Audio analysis of the whales’ vocalizations provided further evidence that the whales off the Israeli coast are part of the wider regional population, as their vocalizations matched the “Mediterranean dialect.” Researchers emphasized the need for targeted protection at key locations, given the numerous threats marine life in the Mediterranean faces, including fishing, pollution, noise, and boat strikes. Dr. Kirsten Thompson from the Greenpeace Research Laboratories at the University of Exeter highlighted the dangers faced by whales passing through narrow straits, such as the Sicily Channel or the Strait of Messina, which are busy, noisy, and potentially dangerous for deep-diving species like sperm whales.

The whale in question, known as Kim, Elia, or Onda by researchers in different regions, was likely traveling with other young males, who typically leave their birth group at this stage of their lives. The researchers suggested the installation of listening devices at these narrow, shallow seas to create an alert system and prevent ship strikes, given the high human population and industrial development in the Mediterranean. Dr. Thompson warned against further hydrocarbon extraction, stating that it not only violated EU environmental protection legislation but also threatened the already struggling wildlife in the region.

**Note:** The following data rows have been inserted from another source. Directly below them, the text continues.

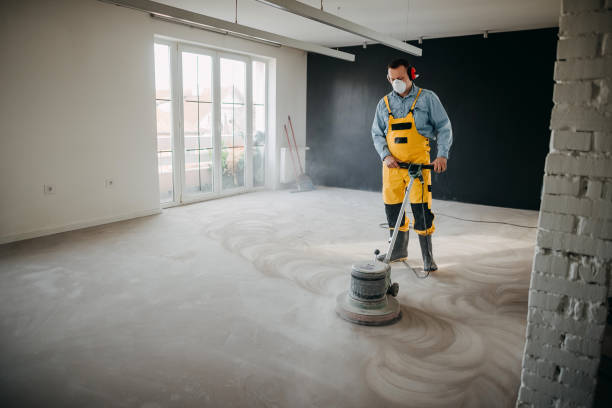 Best Driveway Concrete Repair  in Westfield, IN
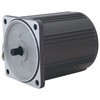 M91X40G4L C_NV[^ ؎[^ Panasonic(pi\jbN) 08631402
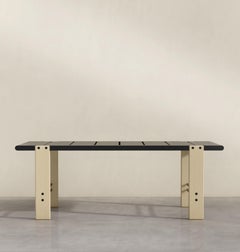 Outdoor Dining Table 0:1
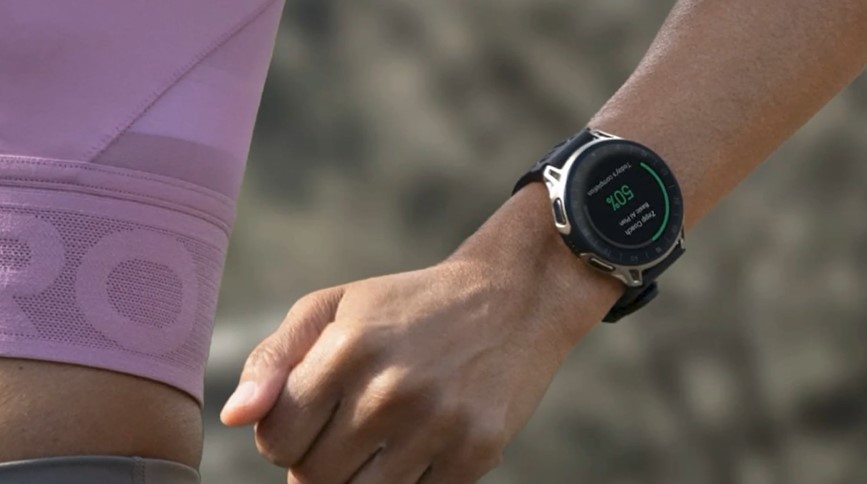 Amazfit-Cheetah-2-Pro-Obzor-10 Amazfit-Cheetah-2-Pro-Obzor-10.jpg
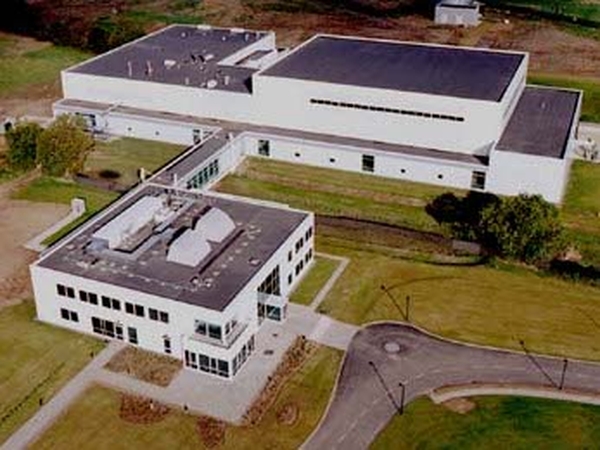 Rottapharm - 35 new jobs for Dublin pharmaceutical firm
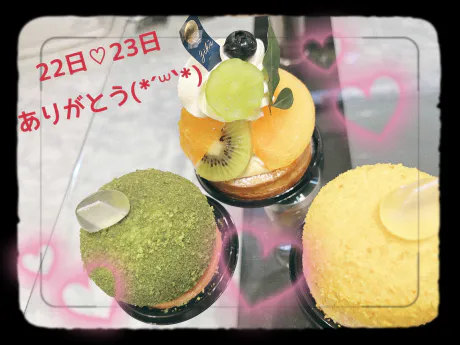 城沢　ののかEscort Club CLASSY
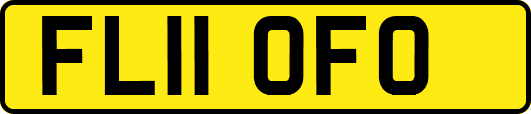 FL11OFO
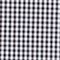 H095 GINGHAM CHECKS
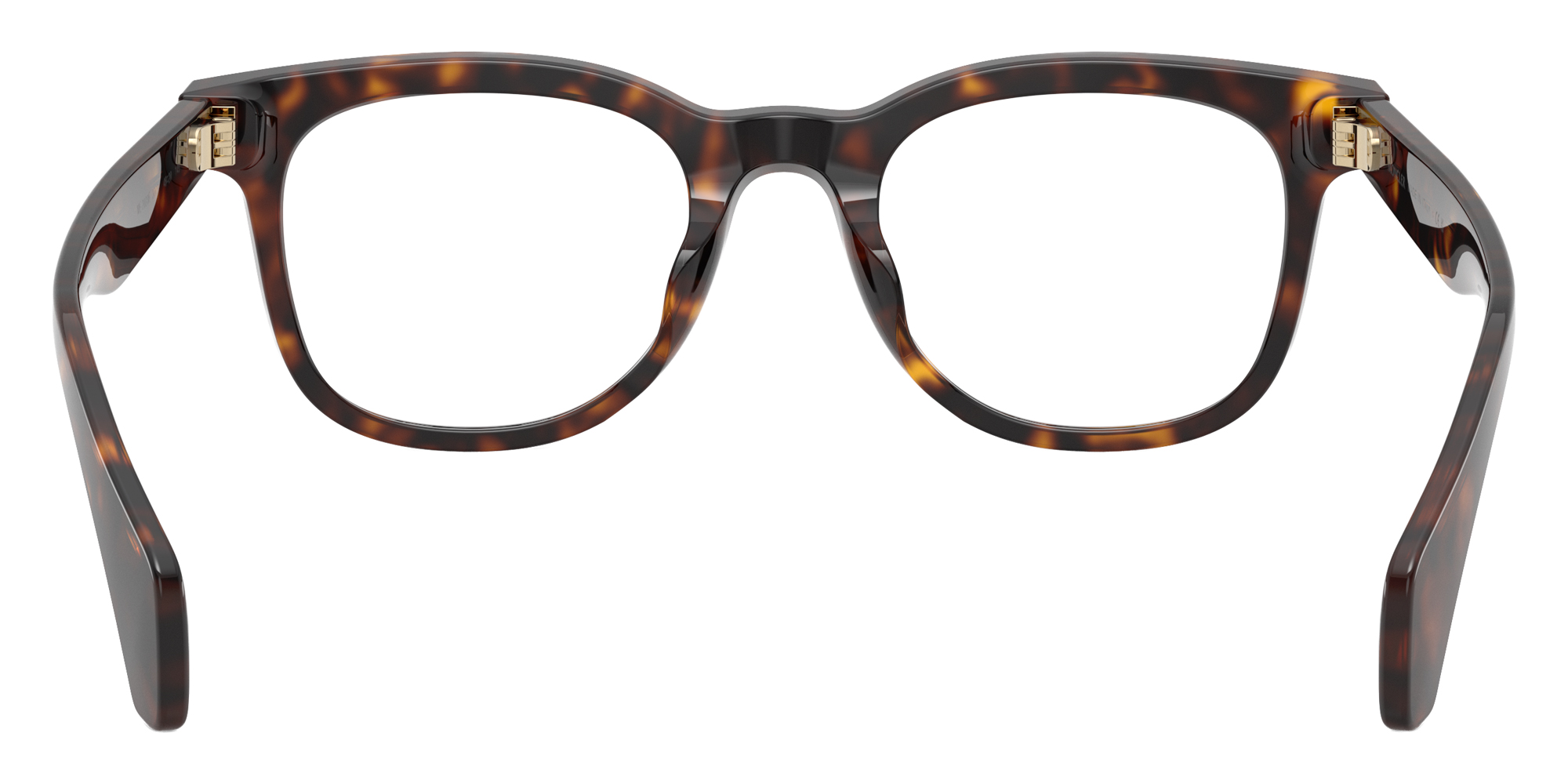 Moncler™ - ME2023F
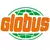 Globus logo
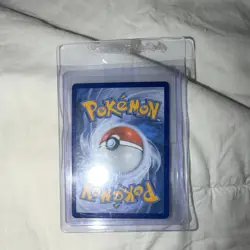 Garchomp & Giratina GX TAG TEAM GX Holo Ultra Rare SM12a 225/173 JP 270 HP - Image 3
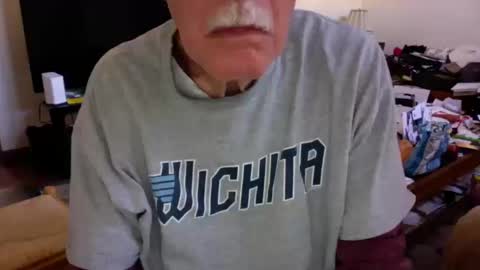 flip4u online show from October 2025 11:39:01 PM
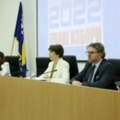 Izborna komisija BiH odobrila SDS-Volja naroda učešće na lokalnim izborima u oktobru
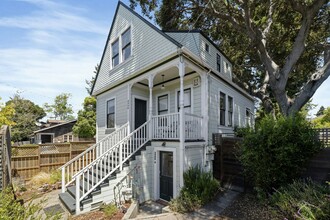 Building Photo - 5906 Colby St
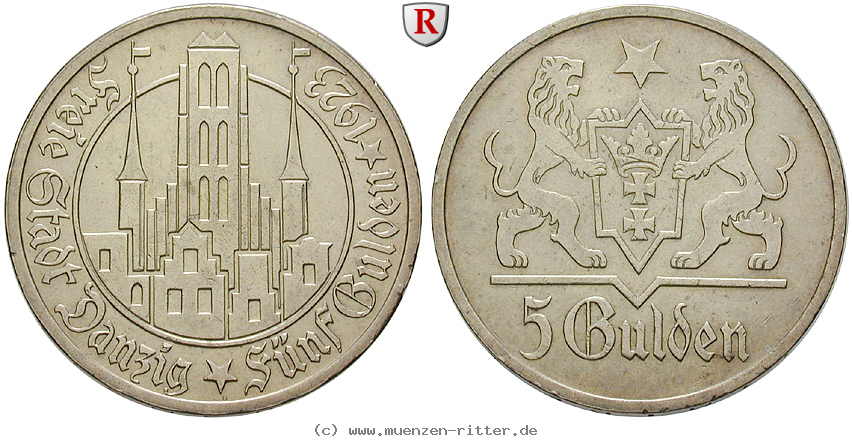nebengebiete-5-gulden/88518.jpg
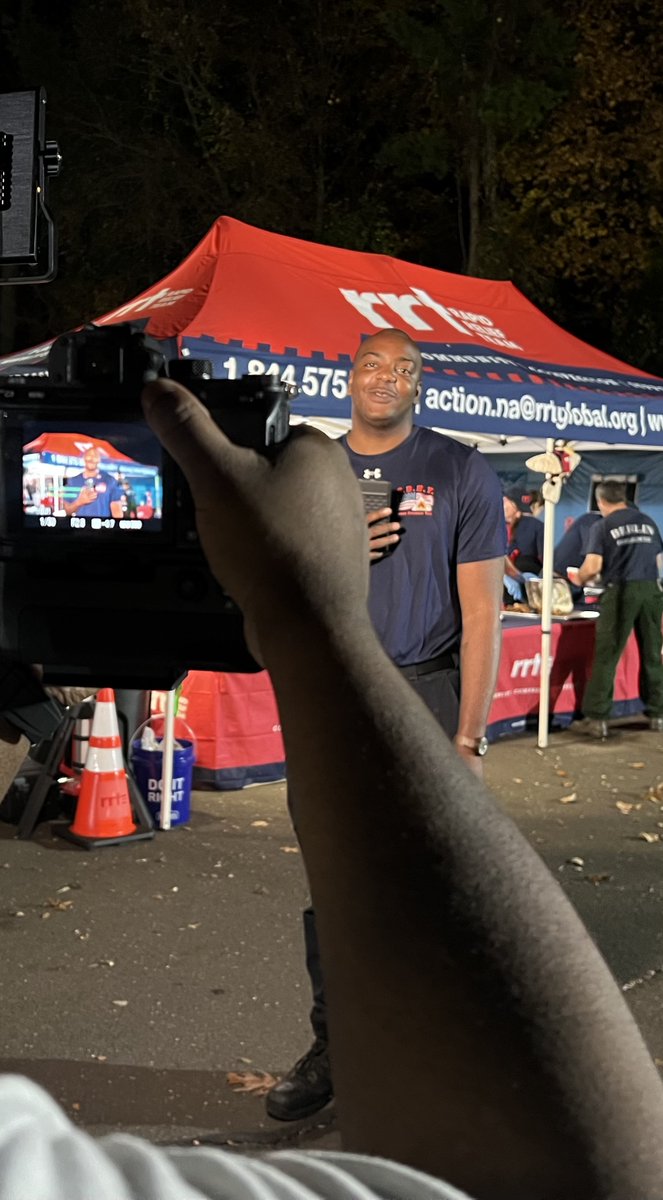 FDNYIMT's tweet photo. Since October 29, 2024, the #FDNY IMT has been managing all fire resources for the @CTDEEPNews at the #HawthorneDriveFire in Berlin, CT, which started on October 21, 2024, on Lamentation Mountain. Read more about this team activation here: https://t.co/VnYF3pMpLi
#fdnyimt https://t.co/Lb1gK8kePs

Despite the rich biodiversity in the Eastern Mediterranean, relatively little research has been done on whales and dolphins in the area. The study conducted visual-acoustic surveys in April and May 2022, which resulted in the detection of sperm whales, Cuvier’s beaked whales, bottlenose dolphins, and unidentified dolphins. The research was funded by Greenpeace International, underscoring the importance of conservation efforts and the need to raise awareness about the threats faced by marine animals in the Mediterranean. The researchers emphasized the urgent need for targeted protection measures in key locations to ensure the survival of these vulnerable species.